La legislación, conocida como House Bill (HB) 1011, lista una docena de excepciones, incluyendo las situaciones en las cuales el escaneo hace parte de una transacción de ventas iniciada por el propietario de la etiqueta, o los datos del dispositivo de identificación individual que se leen o se almacenan remotamente en el transcurso de un actividad de investigación de seguridad de buena fe, experimentación o investigación científica. La ley se establece para entrar en vigencia a partir del 26 de julio de 2009.
HB 1011 fue uno de los tres proyectos de ley de protección de la privacidad relacionados con la RFID introducida por House Speaker Pro Tempore Jeff Morris (D-Mount Vernon) en enero de este año (véase Washington State Rep Reintroduces RFID Legislation. Si bien fuera modificado, y por ende aprobado por el ejecutivo, el proyecto de ley H[ouse] B[ill, v.g., de la Càmara de Representantes--N.T.], Morris informa que se relegarán los dos proyectos restantes durante la sesión legislativa actualmente en curso.

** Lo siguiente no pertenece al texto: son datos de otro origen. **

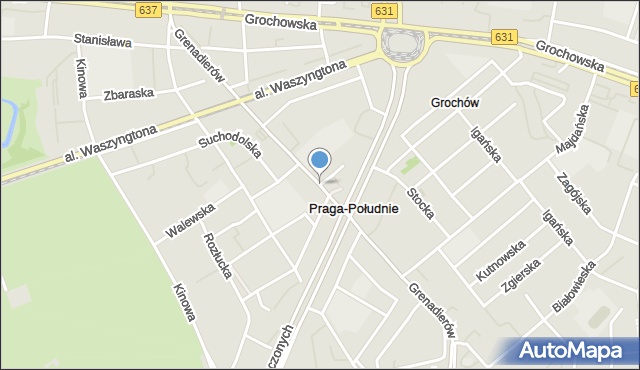Warszawa, Grenadierów, mapa Warszawy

Después de su introducción en enero, la ley HB 1011 pasó por varias modificaciones, incluyendo la eliminación de un escrito que habría requerido una firma del propietario de la etiqueta de RFID indicando que él o ella estaba enterada de la existencia de la etiqueta y que aprobó su uso por la compañía o la agencia de abastecimiento. Dan Mullen, presidente de la asociación comercial estándar de identificación automática AIM Global, cree que el proyecto de ley firmado fue razonable y bien pensado. “Están buscando castigar la lectura clandestina de una etiqueta, “dice él, “y han agregado una variedad de excepciones que parecen muy razonables“.

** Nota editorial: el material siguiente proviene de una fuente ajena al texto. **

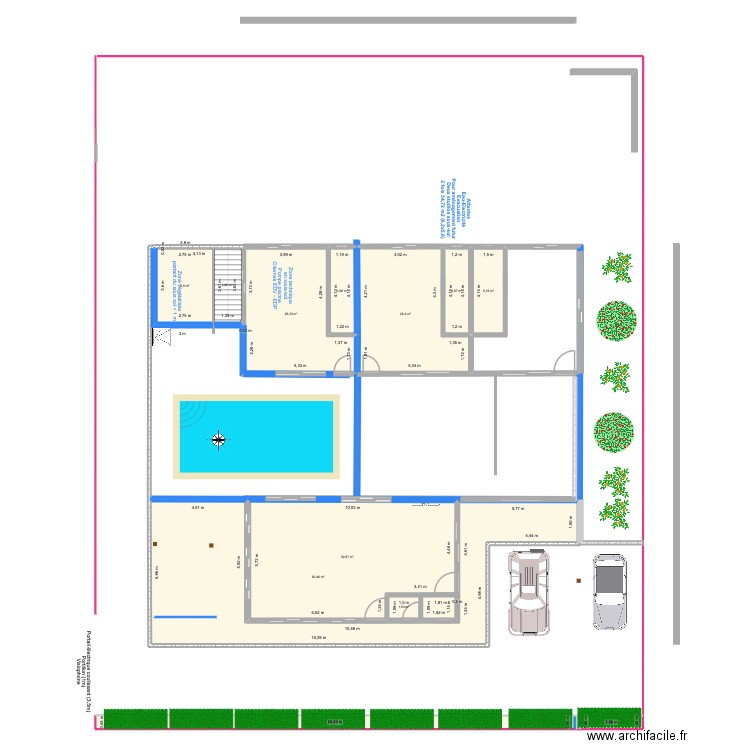 Esquisse 2 blocs sans toits sans meubles et avec sous-sol. Plan de 12 pièces et 218 m2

Morris dice que después de reunirse este año con un grupo de interesados integrado por minoristas y vendedores de la tecnología RFID, él decidió que la obtención del permiso firmado de los propietarios de las etiquetas de RFID (tales como ésos incluidos en las tarjetas de fidelidad de un minorista) era una cuestión que debía decidirse por el negocio mismo. “Hemos tenido un contrato de seis años con los propietarios, “indica él. Aunque el proyecto de ley firmado representa un compromiso, afirma, “pienso que este es un paso muy importante hacia la privacidad.”